Here's a breakdown of the chart's components:

- __Bar chart:__ Represents categories or items on the x-axis and their corresponding frequencies or values on the y-axis.
- __Line chart:__ Shows the cumulative percentage of the values, plotted on a secondary y-axis.

Pareto charts are widely used in various fields, including quality control, business process improvement, and customer relationship management.
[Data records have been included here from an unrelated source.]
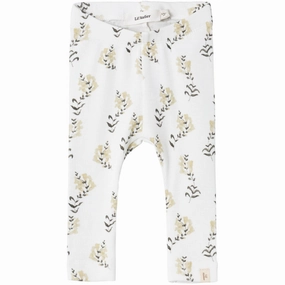 Lil'Atelier Coconut Milk Yellow Flower Gavo Slim Legging Minimal Design Active Lifestyle Outdoor Running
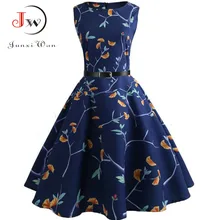 Summer Women Dress Casual Floral Elegant Retro Vintage 50s 60s Robe Femme Rockabilly Swing Pinup Vestidos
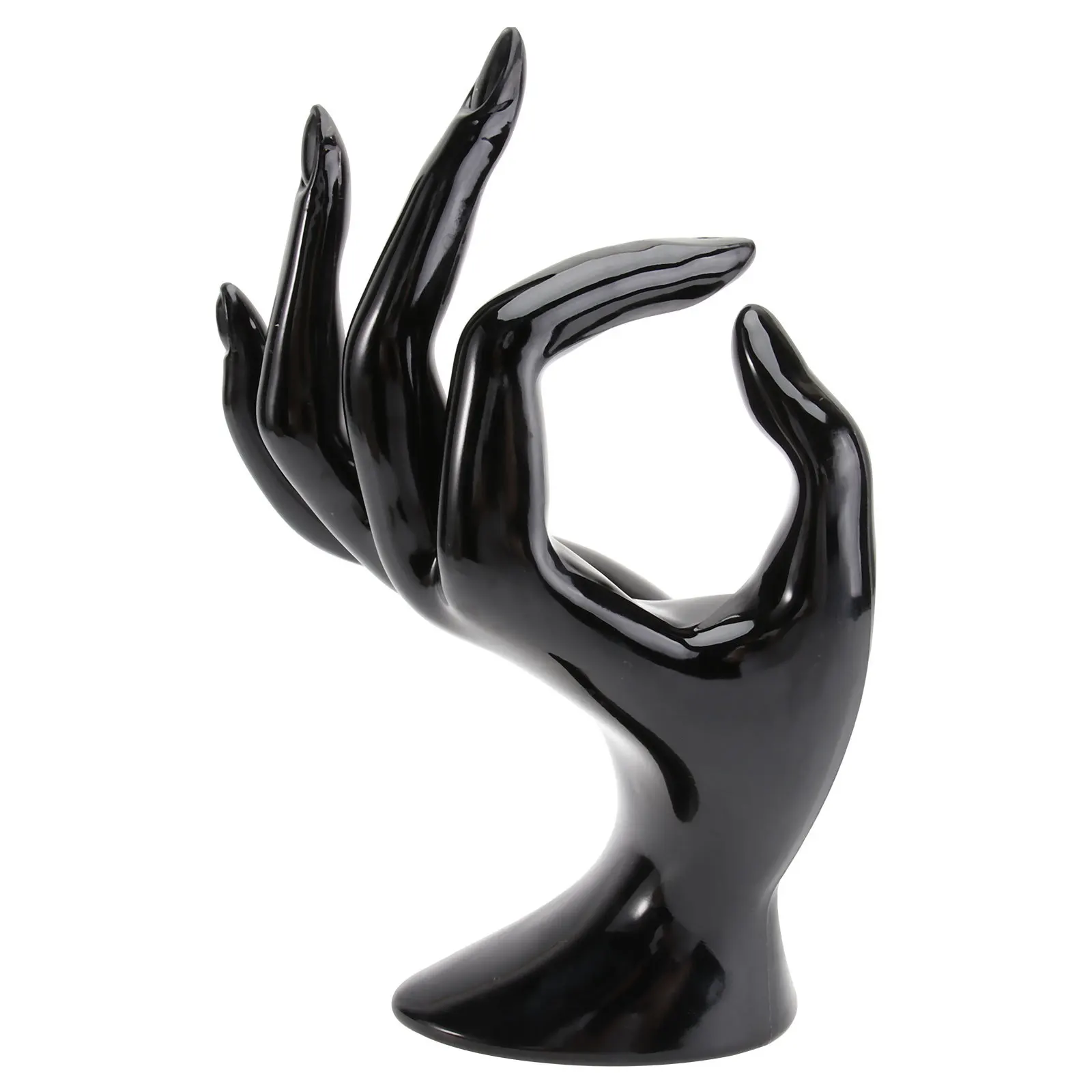 البلاستيك اليد مجوهرات عرض الرف 8X17 سنتيمتر الأسود الإبداعية شكل اليد تصميم لخاتم سوار المنظم مجوهرات عرض موقف #4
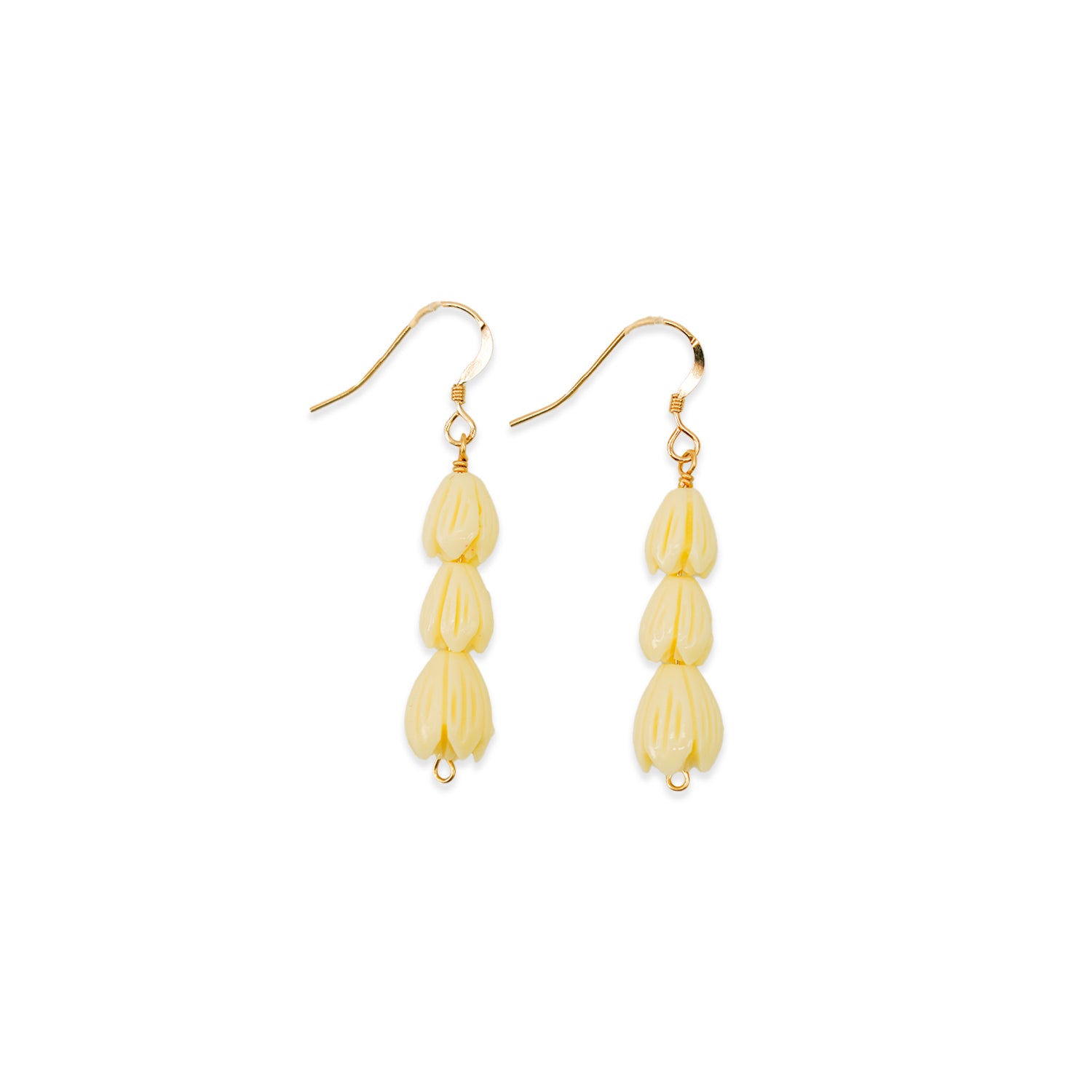 14k Gold Resin Pikake 3 Stacker Gradient Drop Earrings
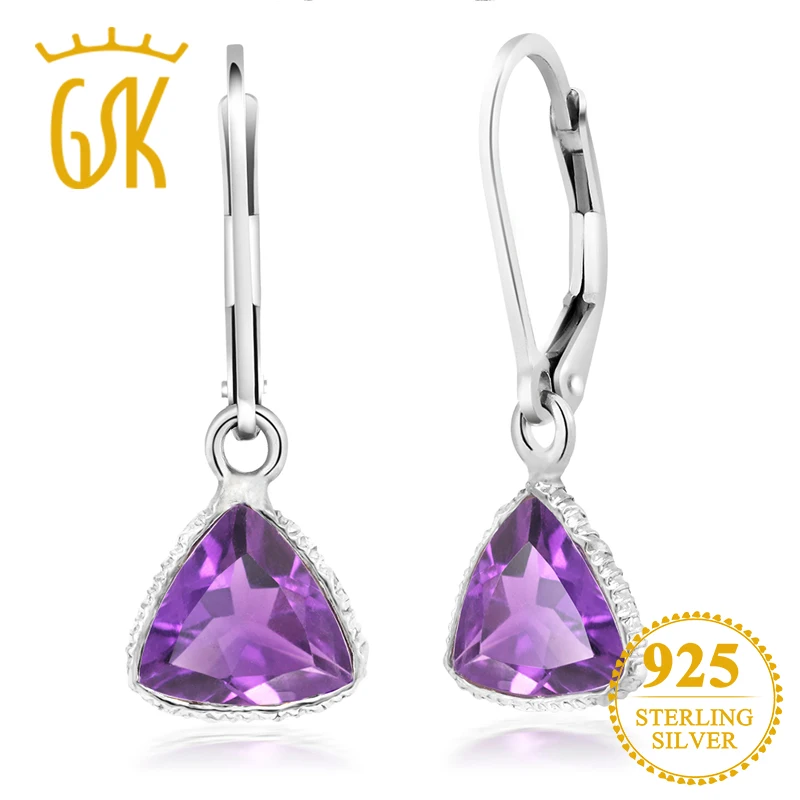 GemStoneKing 5 00 Ctw 8 мм триллион Cut натуральный аметистовый драгоченный Камень Висячие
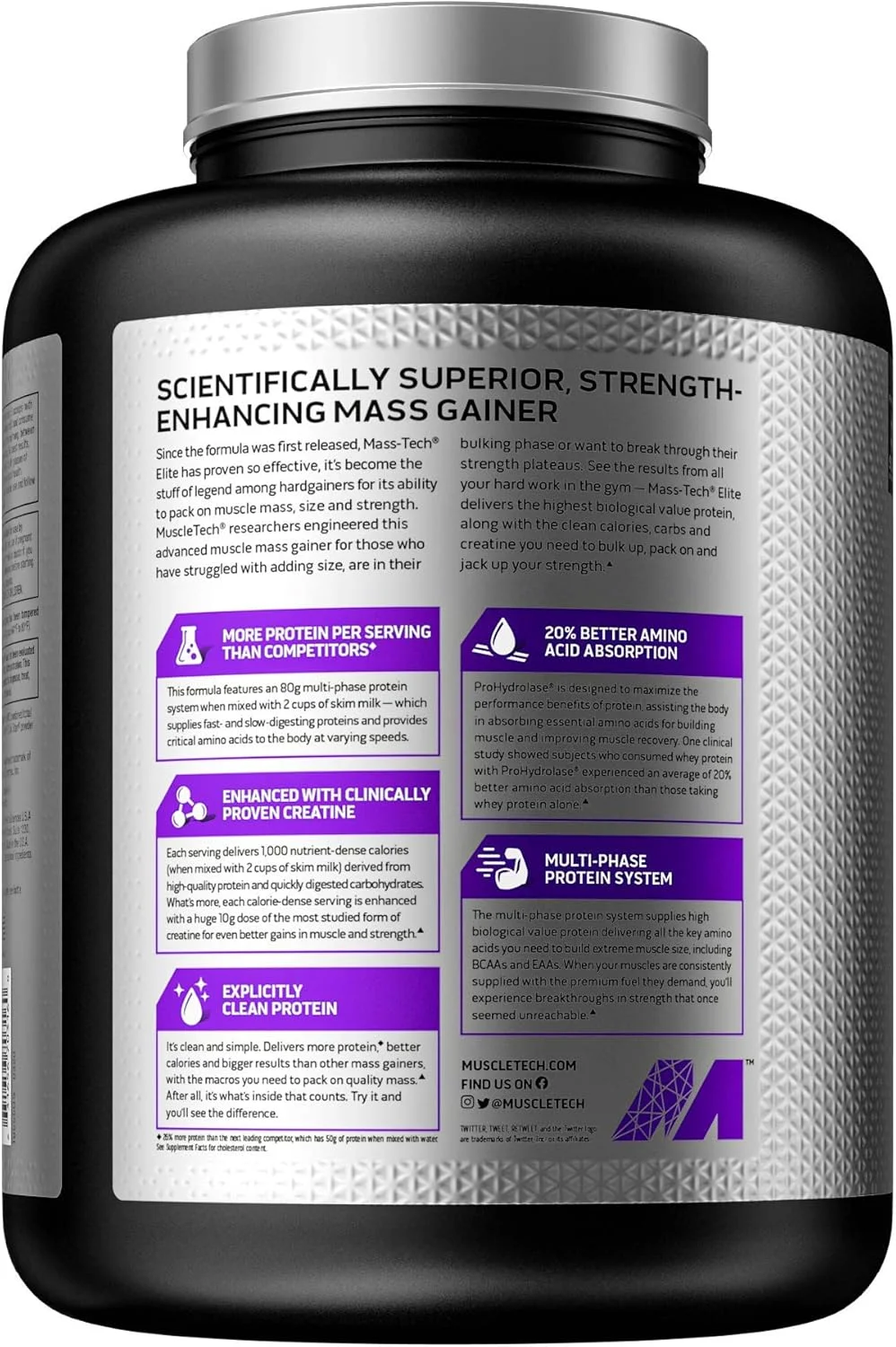 مکمل افزایش وزن و عضله سازی ماسل تک مس تک الیت، افزایش حجم و قدرت عضلات با جذب 20% بهتر آمینو اسید، پروتئین، کراتین، بی سی ای ای، کالری و کربوهیدرات، طعم کیک وانیلی، 6.00 پوند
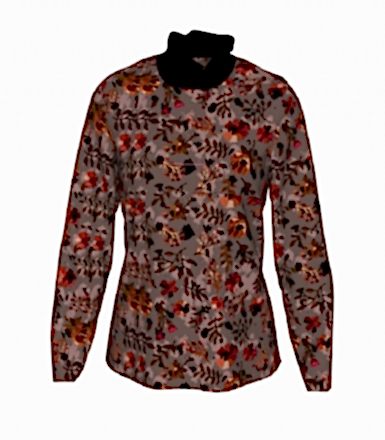 Çiçek Desenli Boğazalı Pijama Üstü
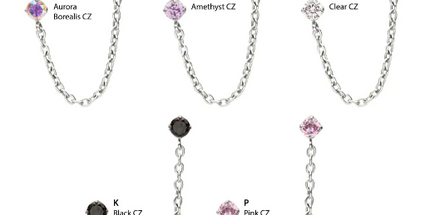 Titanium Threadless Double Prong Set Gem Top with Rolo Chain Dangle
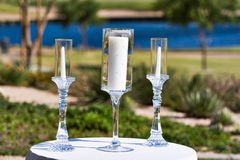 glass votives for an outdoor unity candle ceremony
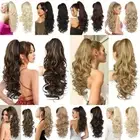 24 Inch Claw Clip Ponytail Wig Ombre Pony Tail Hairpiece Daily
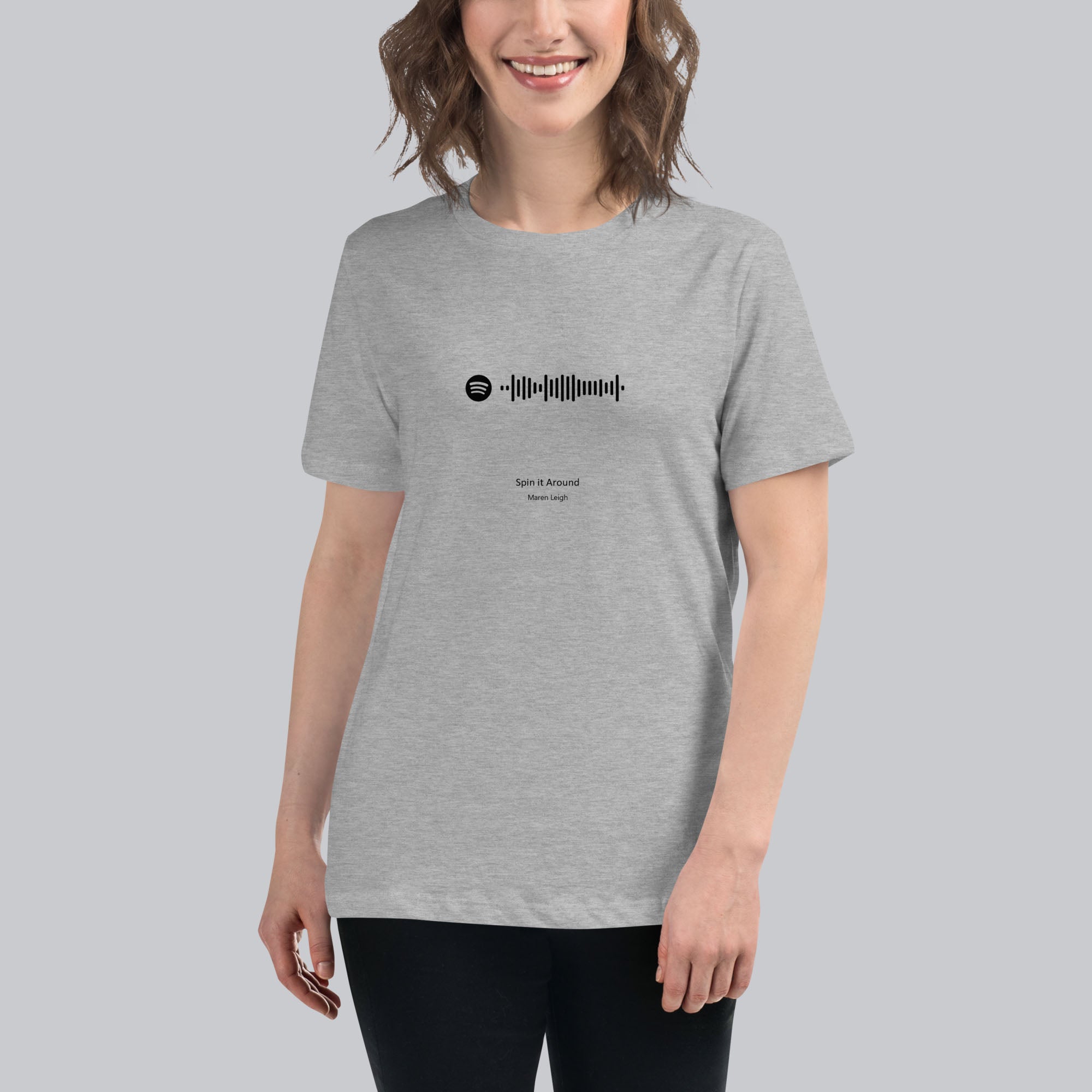 Grey Women's tshirt with printed custom music code and custom text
They help identify areas for improvement by focusing on the factors contributing to the most significant impact.

You can use the following steps to create the Chart in Python:

### 1. Import Libraries:

```py
import pandas as pd
import numpy as np
import matplotlib.pyplot as plt
```

### 2. Prepare Data:
Create a pandas DataFrame with columns for complaint category and frequency.

```py
# Insert required data in a DataFrame
data = {'Category': ['Defect A', 'Defect B', 'Defect C', 'Defect D', 'Others'],
'Frequency': [30, 20, 15, 5, 10]}

# Create pandas DataFrame
df = pd.DataFrame(data)

# Print the data
print("Raw Data:")
print(df.to_string(index=False))

# Create a table with the data
fig, ax = plt.subplots()
ax.axis('off')
ax.axis('tight')
ax.table(cellText=df.values, colLabels=df.columns, cellLoc='center', loc='center', colLoc='center')
plt.title('Defects Frequency')
plt.show()
```
### Sort Data in Descending Order:
```py
# Sort DataFrame by frequency (descending)
df_sorted = df.sort_values(by=['Frequency'], ascending=False)

# Print sorted data
print("\nData sorted by Frequency (descending):")
print(df_sorted.to_string(index=False))

# Create a table with the sorted data
fig, ax = plt.subplots()
ax.axis('off')
ax.axis('tight')
ax.table(cellText=df_sorted.values, colLabels=df_sorted.columns, cellLoc='center', loc='center', colLoc='center')
plt.title('Defects Frequency (sorted)')
plt.show()
```
### Calculate Cumulative Percentage:
```py
# Calculate cumulative sum of frequencies
df_sorted['Cumulative Percentage'] = df_sorted['Frequency'].cumsum() / df_sorted['Frequency'].sum() * 100

# Print data with cumulative percentages
print("\nData with Cumulative Percentages:")
print(df_sorted.to_string(index=False))

# Create a table with the data and cumulative percentages
fig, ax = plt.subplots()
ax.axis('off')
ax.axis('tight')
ax.table(cellText=df_sorted.values, colLabels=df_sorted.columns, cellLoc='center', loc='center', colLoc='center')
plt.title('Defects Frequency (sorted) with Cumulative Percentages')
plt.show()
```

### Create Pareto Chart:

```py
# Create the figure and subplots
fig, (ax1, ax2) = plt.subplots(1, 2, figsize=(10, 6))

# Bar chart for frequencies on primary axis (ax1)
ax1.bar(df_sorted['Category'], df_sorted['Frequency'], color='skyblue')
ax1.set_xlabel('Category')
ax1.set_ylabel('Frequency')
ax1.set_title('Frequency of Defects')

# Line chart for cumulative percentages on secondary axis (ax2)
ax2.plot(df_sorted['Category'], df_sorted['Cumulative Percentage'], color='red', marker='o', linestyle='-')
ax2.set_xlabel('Category')
ax2.set_ylabel('Cumulative Percentage (%)')
ax2.set_title('Cumulative Percentage of Defects')

# Set y-axis limits for cumulative percentages (0 to 100%)
ax2.set_ylim(0, 100)

# Rotate x-axis labels for better readability
plt.setp(ax1.xaxis.get_majorticklabels(), rotation=45)
plt.setp(ax2.xaxis.get_majorticklabels(), rotation=45)

# Display the plots
plt.tight_layout()
plt.show()

# Plot the bar chart with the frequencies and cummulative percentages
fig, ax1 = plt.subplots(figsize=(10, 6))
ax2 = ax1.twinx()
ax1.bar(df_sorted['Category'], df_sorted['Frequency'], color='skyblue')
ax2.plot(df_sorted['Category'], df_sorted['Cumulative Percentage'], color='red', marker='o', linestyle='-')
ax1.set_xlabel('Category')
ax1.set_ylabel('Frequency')
ax2.set_ylabel('Cumulative Percentage (%)')
ax1.set_title('Frequency and Cumulative Percentage of Defects')
plt.setp(ax1.xaxis.get_majorticklabels(), rotation=45)
plt.show()
```

This will give you a chart similar to the one given below:

![defects_frequency_cumulative_percentage_merged](https://github.com/HasanYahya101/Pareto-Tutorial-Python/assets/118683092/1321b072-9b53-40e6-b838-694342fc4220)

After that you can also save the image in an output file (such as png or jpeg).

### Note:
All code for this is given in the __Jupyter Notebook__.

## License:

This repository is under the __MIT License__.